## Task:
Output every record precisely.
═════ Raw data ═════
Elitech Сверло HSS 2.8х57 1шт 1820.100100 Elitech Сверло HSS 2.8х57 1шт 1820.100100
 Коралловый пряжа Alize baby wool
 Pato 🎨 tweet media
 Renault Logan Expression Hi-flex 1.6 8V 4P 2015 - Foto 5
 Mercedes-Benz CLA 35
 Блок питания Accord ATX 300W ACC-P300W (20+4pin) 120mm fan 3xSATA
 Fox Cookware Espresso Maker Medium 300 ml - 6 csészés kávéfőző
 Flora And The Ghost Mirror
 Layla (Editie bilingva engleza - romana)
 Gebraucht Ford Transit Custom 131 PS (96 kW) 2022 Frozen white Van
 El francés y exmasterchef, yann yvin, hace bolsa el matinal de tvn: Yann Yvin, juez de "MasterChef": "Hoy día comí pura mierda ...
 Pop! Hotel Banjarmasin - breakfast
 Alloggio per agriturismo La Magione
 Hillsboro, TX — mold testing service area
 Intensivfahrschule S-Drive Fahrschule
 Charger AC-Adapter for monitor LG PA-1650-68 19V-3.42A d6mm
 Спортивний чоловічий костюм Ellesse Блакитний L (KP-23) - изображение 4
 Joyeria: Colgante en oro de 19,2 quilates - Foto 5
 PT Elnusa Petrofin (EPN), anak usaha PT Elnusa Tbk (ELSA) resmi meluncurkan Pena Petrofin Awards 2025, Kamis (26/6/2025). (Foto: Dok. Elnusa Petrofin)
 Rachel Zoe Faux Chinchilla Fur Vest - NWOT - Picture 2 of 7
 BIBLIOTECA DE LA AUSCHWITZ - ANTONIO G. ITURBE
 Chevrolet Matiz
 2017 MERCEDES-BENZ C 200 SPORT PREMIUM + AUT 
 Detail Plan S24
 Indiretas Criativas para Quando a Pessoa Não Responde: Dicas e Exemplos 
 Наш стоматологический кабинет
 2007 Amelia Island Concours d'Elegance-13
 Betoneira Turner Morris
═════
## Result for this task:
Elitech Сверло HSS 2.8х57 1шт 1820.100100 Elitech Сверло HSS 2.8х57 1шт 1820.100100
 Коралловый пряжа Alize baby wool
 Pato 🎨 tweet media
 Renault Logan Expression Hi-flex 1.6 8V 4P 2015 - Foto 5
 Mercedes-Benz CLA 35
 Блок питания Accord ATX 300W ACC-P300W (20+4pin) 120mm fan 3xSATA
 Fox Cookware Espresso Maker Medium 300 ml - 6 csészés kávéfőző
 Flora And The Ghost Mirror
 Layla (Editie bilingva engleza - romana)
 Gebraucht Ford Transit Custom 131 PS (96 kW) 2022 Frozen white Van
 El francés y exmasterchef, yann yvin, hace bolsa el matinal de tvn: Yann Yvin, juez de "MasterChef": "Hoy día comí pura mierda ...
 Pop! Hotel Banjarmasin - breakfast
 Alloggio per agriturismo La Magione
 Hillsboro, TX — mold testing service area
 Intensivfahrschule S-Drive Fahrschule
 Charger AC-Adapter for monitor LG PA-1650-68 19V-3.42A d6mm
 Спортивний чоловічий костюм Ellesse Блакитний L (KP-23) - изображение 4
 Joyeria: Colgante en oro de 19,2 quilates - Foto 5
 PT Elnusa Petrofin (EPN), anak usaha PT Elnusa Tbk (ELSA) resmi meluncurkan Pena Petrofin Awards 2025, Kamis (26/6/2025). (Foto: Dok. Elnusa Petrofin)
 Rachel Zoe Faux Chinchilla Fur Vest - NWOT - Picture 2 of 7
 BIBLIOTECA DE LA AUSCHWITZ - ANTONIO G. ITURBE
 Chevrolet Matiz
 2017 MERCEDES-BENZ C 200 SPORT PREMIUM + AUT 
 Detail Plan S24
 Indiretas Criativas para Quando a Pessoa Não Responde: Dicas e Exemplos 
 Наш стоматологический кабинет
 2007 Amelia Island Concours d'Elegance-13
 Betoneira Turner Morris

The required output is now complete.